> What needs to be done
Transcribe the listing exactly; drop the images.

[Opening Collected data section]

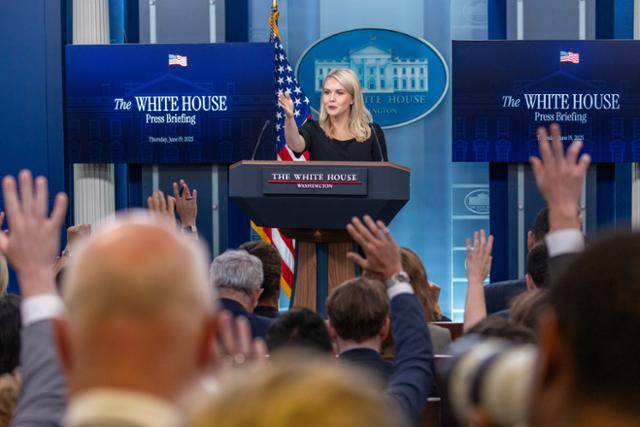 캐럴라인 레빗 백악관 대변인이 19일 미국 워싱턴 백악관 브리핑룸에서 도널드 트럼프 대통령의 성명을 대독하고 있다. 워싱턴=EPA 연합뉴스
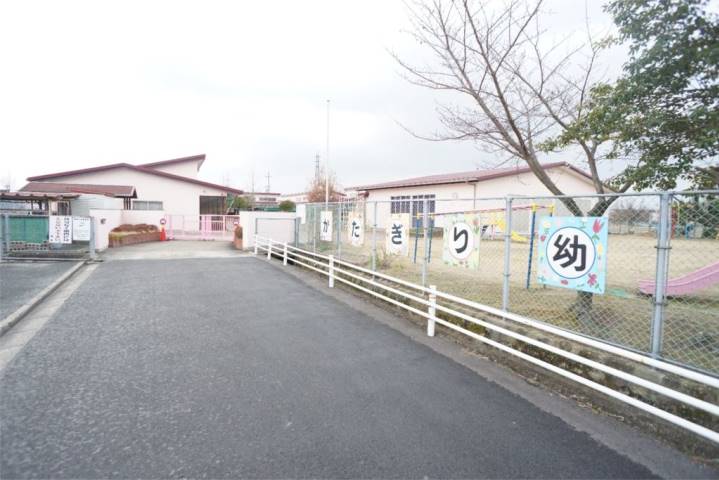 幼稚園・保育園　片桐（幼稚園・保育園）まで1296m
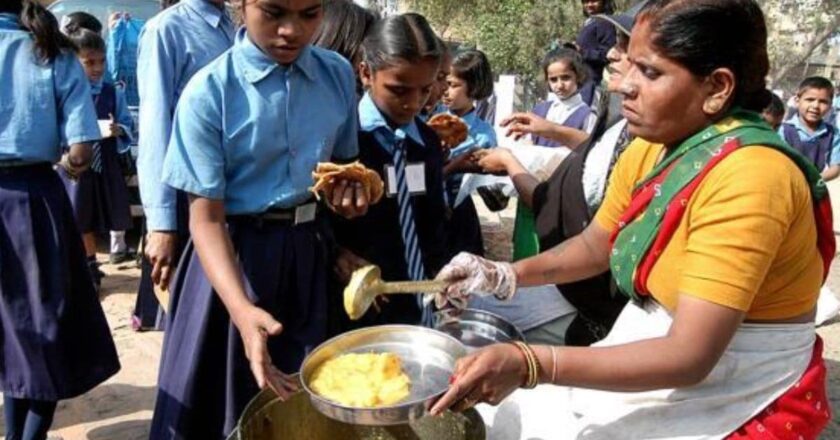 66 रुपये में कैसे गुजारा करें; CG के सरकारी स्कूलों के रसोइए नाराज, सरकार से ये मांग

[Closing Collected data section]

> Answer section
 캐럴라인 레빗 백악관 대변인이 19일 미국 워싱턴 백악관 브리핑룸에서 도널드 트럼프 대통령의 성명을 대독하고 있다. 워싱턴=EPA 연합뉴스
 幼稚園・保育園　片桐（幼稚園・保育園）まで1296m
 66 रुपये में कैसे गुजारा करें; CG के सरकारी स्कूलों के रसोइए नाराज, सरकार से ये मांग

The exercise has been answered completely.